> Assigned task
Once the line with "Residential Carpet Cleaning by Express Dry" is found, write it out along with each later line exactly, through the end of the entries, skipping every picture.

> Data records
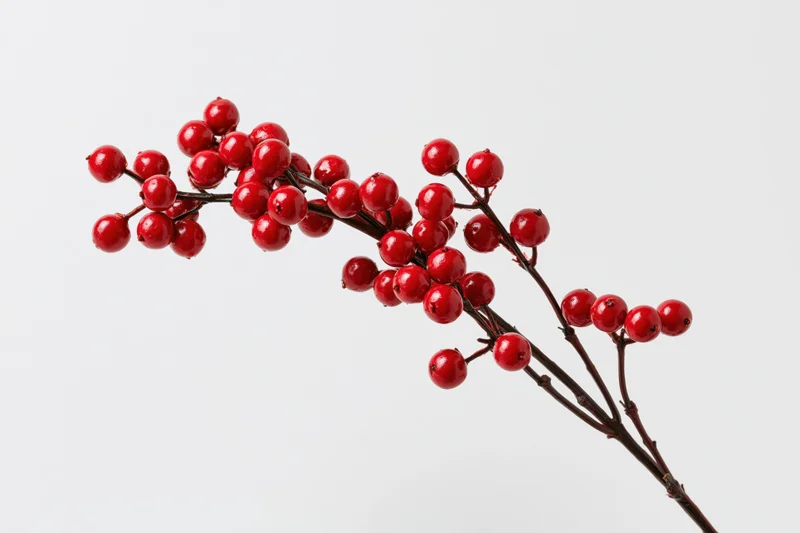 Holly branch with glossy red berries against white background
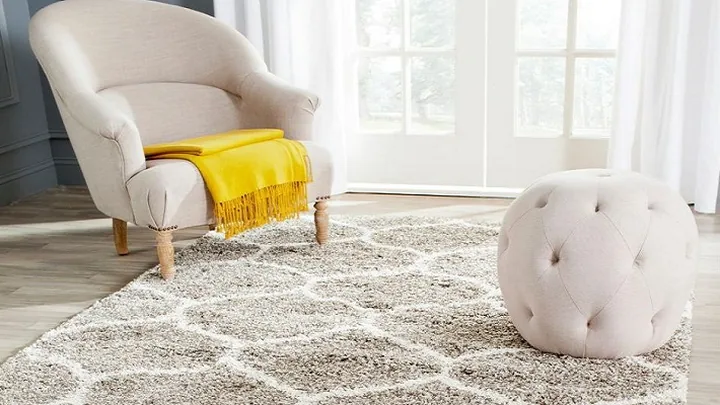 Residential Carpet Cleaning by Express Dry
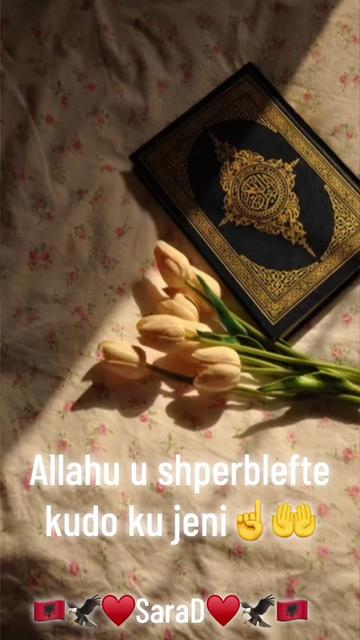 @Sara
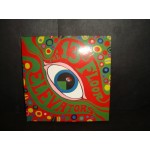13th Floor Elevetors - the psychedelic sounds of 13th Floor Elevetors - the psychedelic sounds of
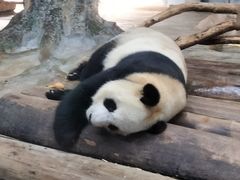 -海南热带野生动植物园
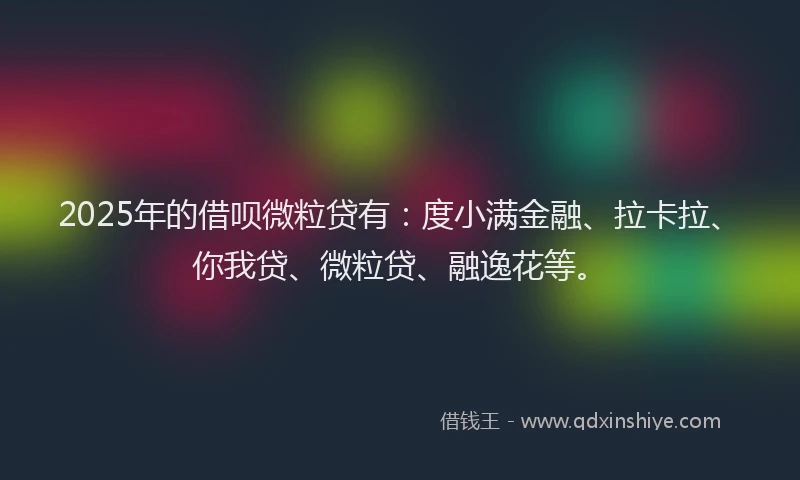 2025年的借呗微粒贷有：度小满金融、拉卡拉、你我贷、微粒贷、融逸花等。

> Exercise answer
 Residential Carpet Cleaning by Express Dry
 @Sara
13th Floor Elevetors - the psychedelic sounds of 13th Floor Elevetors - the psychedelic sounds of
 -海南热带野生动植物园
 2025年的借呗微粒贷有：度小满金融、拉卡拉、你我贷、微粒贷、融逸花等。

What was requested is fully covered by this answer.